Metaphysical Crystal Glossary
This section defines the words are used to describe the Crystal in terms of their metaphysical property, the symbolic meaning, and what the Crystal form does.
Metaphysical Properties Glossary
The metaphysical properties glossary provides details on the practical use of crystals and minerals for healthy living and defines their energetic uses.

There are no fixed standards to determine the value of minerals. An experienced person can guess a specimens price range by gathering certain information about the specimen. Certain unique properties will set it aside from other specimens of the same type.

Properties that set one specimen apart from another are:

  • its colour and the intensity of colour
  • the transparency of the crystal
  • the lustre
  • the formation of the crystal
  • its size
  • anomalies
  • the presence of a matrix
  • demand
  • its rarity
  • exceptional specimens
  • damage free specimens

Colour and Intensity

A dull specimen is not eye catching.
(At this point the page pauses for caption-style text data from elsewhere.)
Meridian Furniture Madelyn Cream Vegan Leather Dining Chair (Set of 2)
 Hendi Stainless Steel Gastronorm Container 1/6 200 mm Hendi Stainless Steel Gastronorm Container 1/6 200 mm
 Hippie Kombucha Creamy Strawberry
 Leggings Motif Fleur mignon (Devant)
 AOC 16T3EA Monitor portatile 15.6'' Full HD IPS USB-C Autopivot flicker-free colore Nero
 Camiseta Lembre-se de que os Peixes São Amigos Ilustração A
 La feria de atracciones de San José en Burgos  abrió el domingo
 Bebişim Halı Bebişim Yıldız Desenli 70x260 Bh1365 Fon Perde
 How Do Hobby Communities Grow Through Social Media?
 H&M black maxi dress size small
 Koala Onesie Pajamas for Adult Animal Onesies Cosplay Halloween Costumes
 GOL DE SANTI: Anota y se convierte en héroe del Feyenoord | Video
Striking, vivid colours quickly catch the eye and raise the value of a specimen. Australian Opals, with great fire, are costly, primarily because of their appealing colours. Even if the colour of a mineral is vivid, it is still more valuable than a dull specimen.


Minerals that have transparency provide a certain amount of clarity within the specimen. The greater the clarity, the greater its value. Where a mineral has transparency there is the ability of seeing the crystalline structure, colour, inclusions, phantoms etc that the crystal possesses. The greater the transparency, the more you can see, the more appealing it becomes, the greater its value.

Formation of Crystals

Well-formed or unique crystals will raise the value of the specimen, especially of large crystals. Nearly all natural crystals are deformed, some more than others. The larger a crystal, the more likely it is to be deformed.


Small, well formed, beautiful, specimens are easier to find. Larger specimens with similar properties are more expensive, because of their size. Fairly large specimens, even of common minerals, will usually be of a higher value.


Due to the stable chemical structure of minerals, lustre is rarely a factor in mineral value, since the same type of minerals exhibit similar levels of lustre. There are a few cases where a specimen naturally exhibits a more impressive lustre than other minerals of its kind. These exceptions give the specimen a greater value.


Specimens of a mineral that are intrinsically different from normal specimens of the mineral fall under this category. Properties such as abnormal colour, pseudomorphs, twinning, and odd crystals give a specimen extra value.

Presence of a Matrix

Crystals in a matrix are definitely more valuable than similar "freestanding" crystals. A matrix shows the original uniqueness of the mineral. Crystals in a matrix should always be selected over freestanding crystals.


Some minerals are not be considered attractive, but demand a high price because of their content, such as gold or silver.


Obviously, rare minerals are more costly than more common ones. Extremely rare minerals have a great value, even if they look ugly. The opposite is also true. Fairly common minerals, even if nicely coloured and well formed have little value because of their commonness (unless they are exceptional).


Then there is always a spot for the exceptional specimens. Specimens that are magnificent, are always more valuable.

Damage free

Specimens that have no damage are of more value then ones that have chips, nicks etc.